(Short text fragments from websites)
* * *

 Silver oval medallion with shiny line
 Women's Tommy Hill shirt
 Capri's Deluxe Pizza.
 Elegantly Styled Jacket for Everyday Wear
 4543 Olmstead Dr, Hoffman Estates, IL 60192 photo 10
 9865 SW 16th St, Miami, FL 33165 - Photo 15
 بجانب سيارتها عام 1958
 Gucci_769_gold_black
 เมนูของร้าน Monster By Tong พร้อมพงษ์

* * *

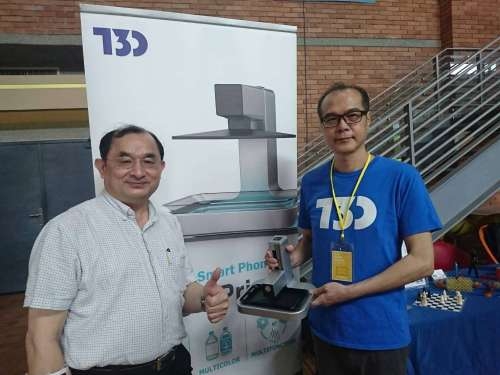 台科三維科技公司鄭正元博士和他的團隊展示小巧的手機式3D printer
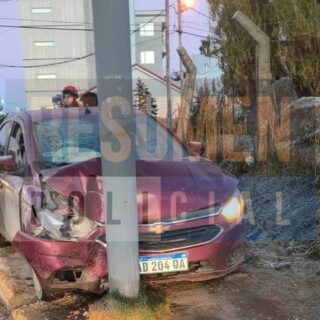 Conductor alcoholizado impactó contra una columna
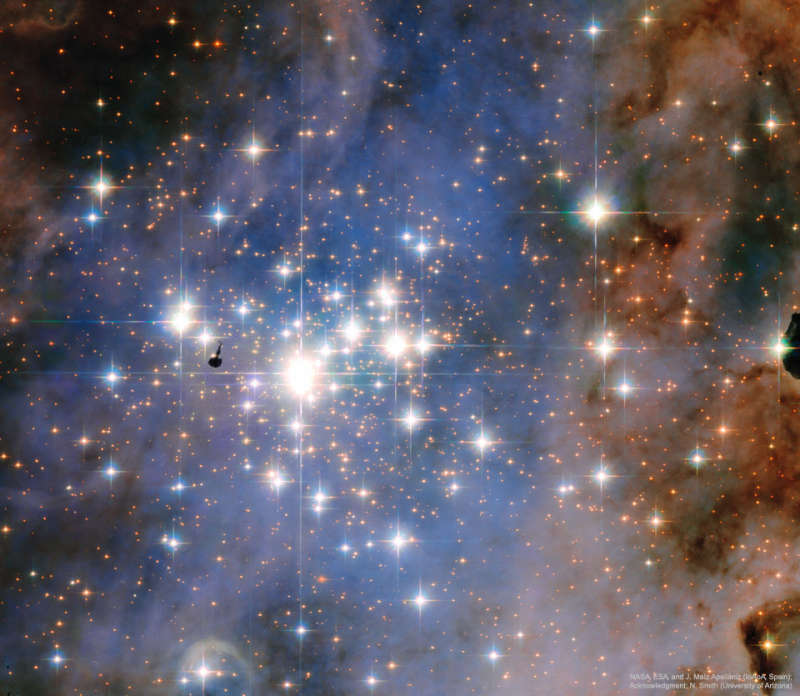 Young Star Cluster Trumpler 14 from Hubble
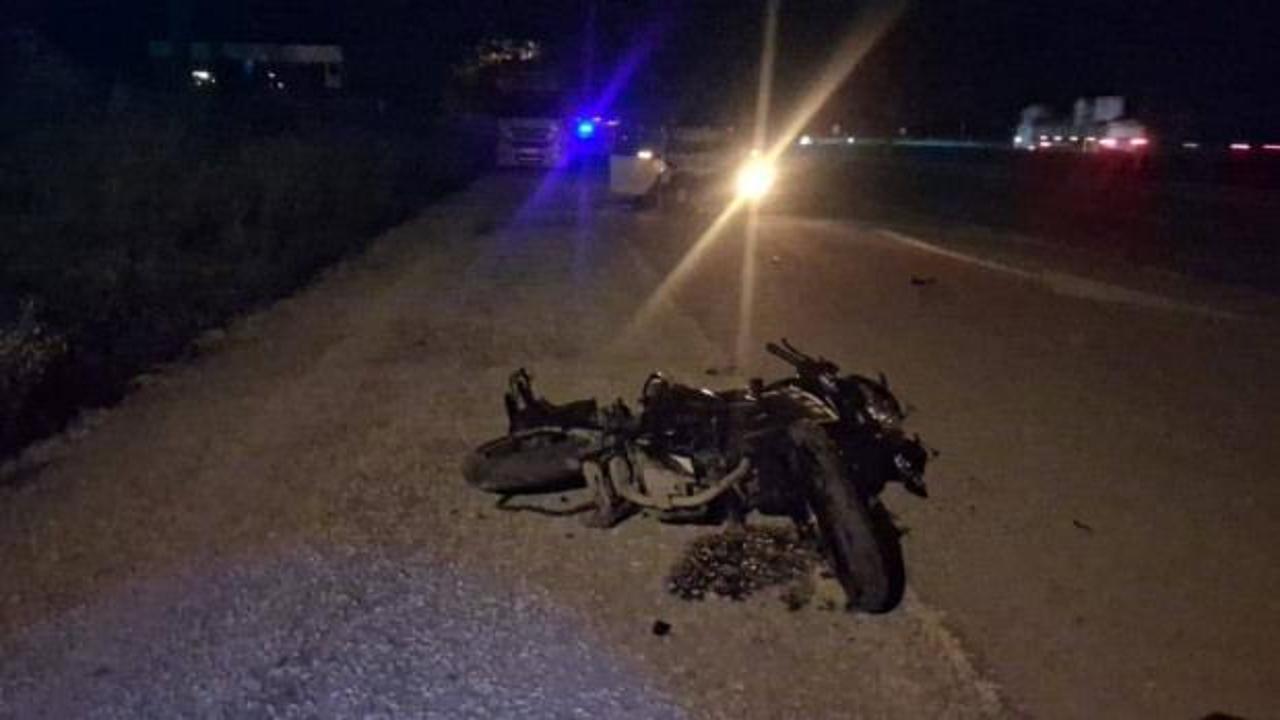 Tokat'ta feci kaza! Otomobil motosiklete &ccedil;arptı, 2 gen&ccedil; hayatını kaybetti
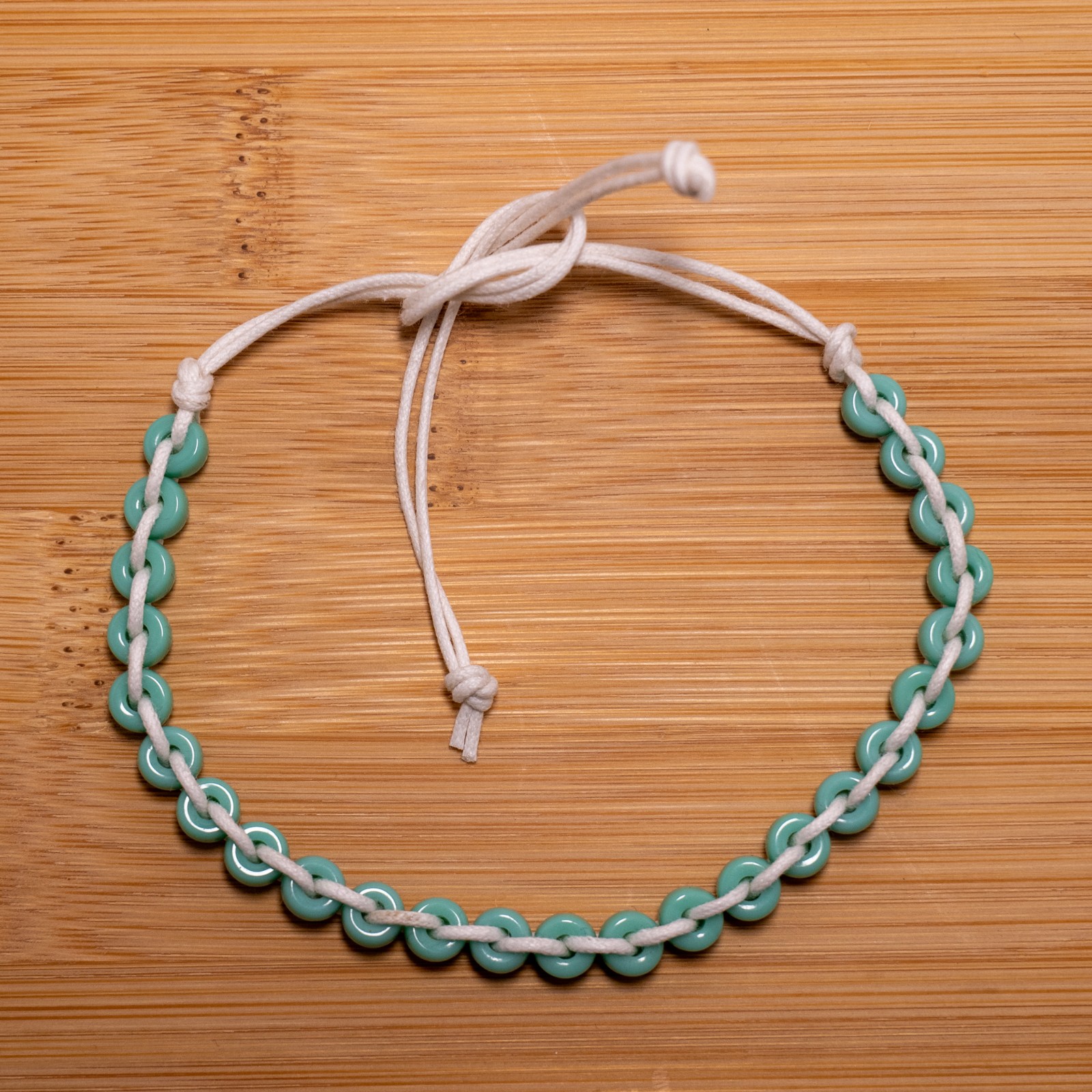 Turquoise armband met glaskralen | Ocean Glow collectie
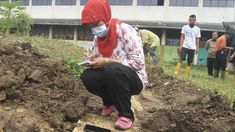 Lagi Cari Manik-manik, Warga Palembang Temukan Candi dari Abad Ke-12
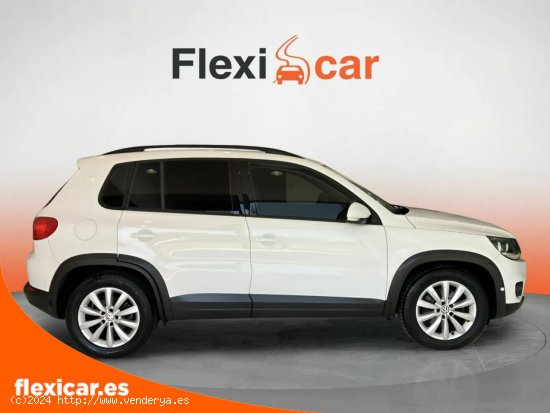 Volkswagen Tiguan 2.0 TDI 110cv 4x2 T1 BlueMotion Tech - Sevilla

* * *

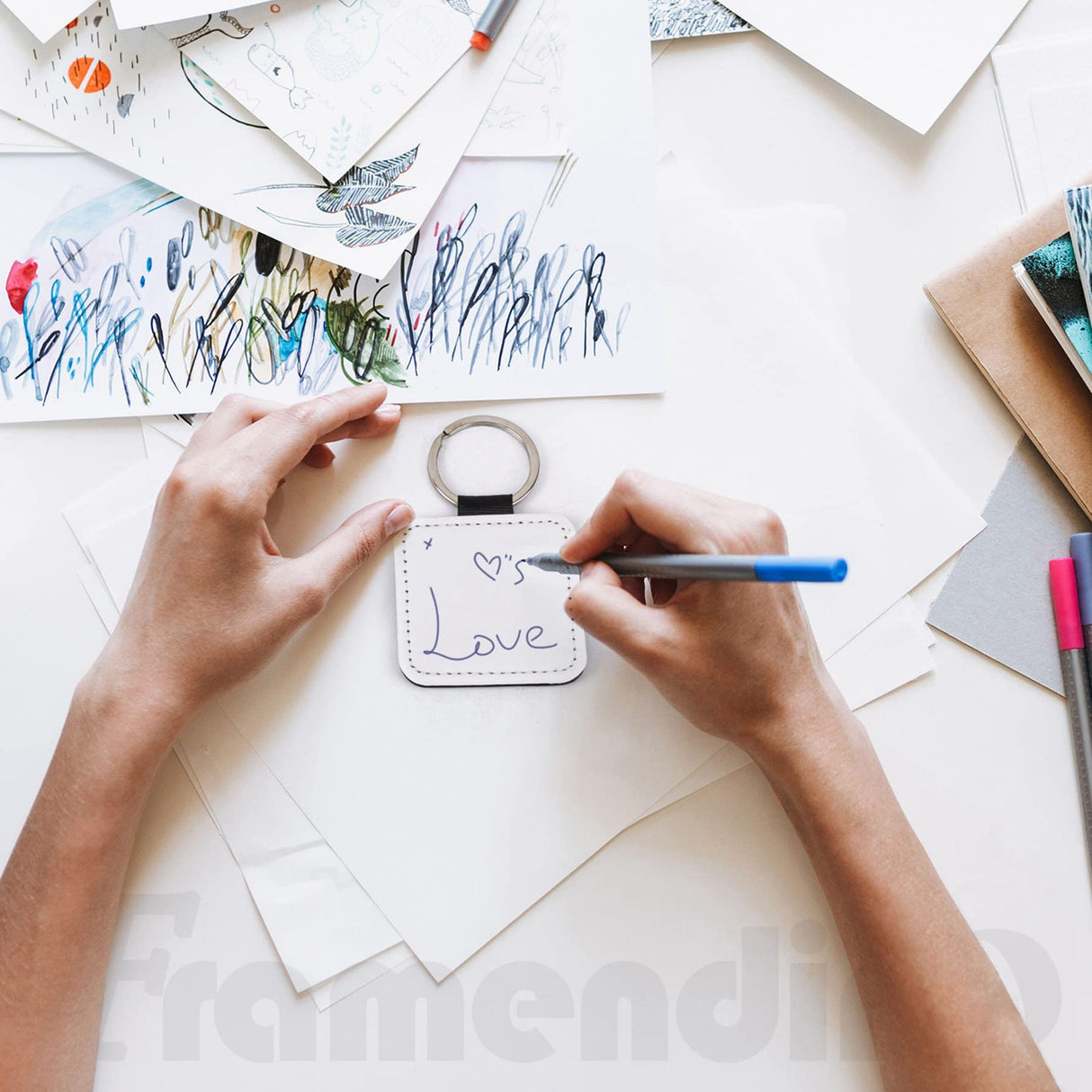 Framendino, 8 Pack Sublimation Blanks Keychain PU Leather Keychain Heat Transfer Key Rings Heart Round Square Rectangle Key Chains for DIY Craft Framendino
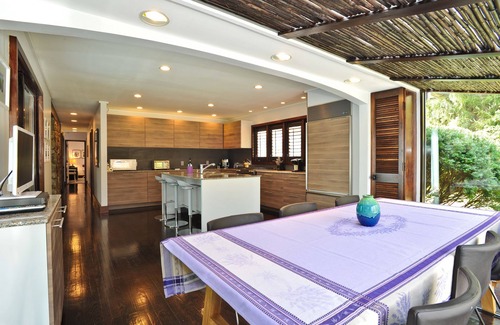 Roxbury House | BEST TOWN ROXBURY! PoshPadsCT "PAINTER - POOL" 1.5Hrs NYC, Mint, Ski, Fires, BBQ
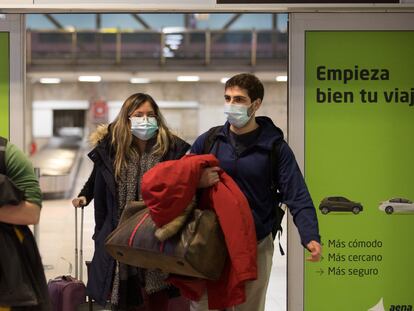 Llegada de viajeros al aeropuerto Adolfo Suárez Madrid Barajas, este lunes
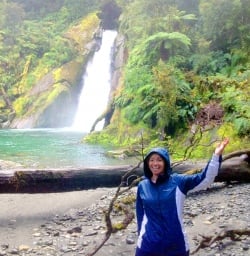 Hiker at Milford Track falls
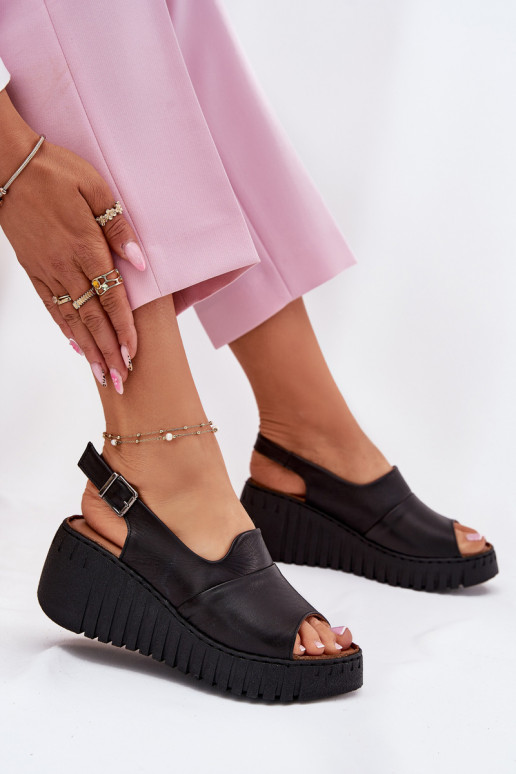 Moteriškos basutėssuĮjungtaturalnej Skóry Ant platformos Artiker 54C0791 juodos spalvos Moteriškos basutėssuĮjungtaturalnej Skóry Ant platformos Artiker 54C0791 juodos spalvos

* * *

▸ TASK PROMPT:
Within these entries, output exactly the lines starting at the one with "Roxbury House |" and finishing at the one with "juodos spalvos Moteriškos". Leave pictures out of the output.

▸ RESPONSE TO THIS EXERCISE:
 Roxbury House | BEST TOWN ROXBURY! PoshPadsCT "PAINTER - POOL" 1.5Hrs NYC, Mint, Ski, Fires, BBQ
 Llegada de viajeros al aeropuerto Adolfo Suárez Madrid Barajas, este lunes
 Hiker at Milford Track falls
 Moteriškos basutėssuĮjungtaturalnej Skóry Ant platformos Artiker 54C0791 juodos spalvos Moteriškos basutėssuĮjungtaturalnej Skóry Ant platformos Artiker 54C0791 juodos spalvos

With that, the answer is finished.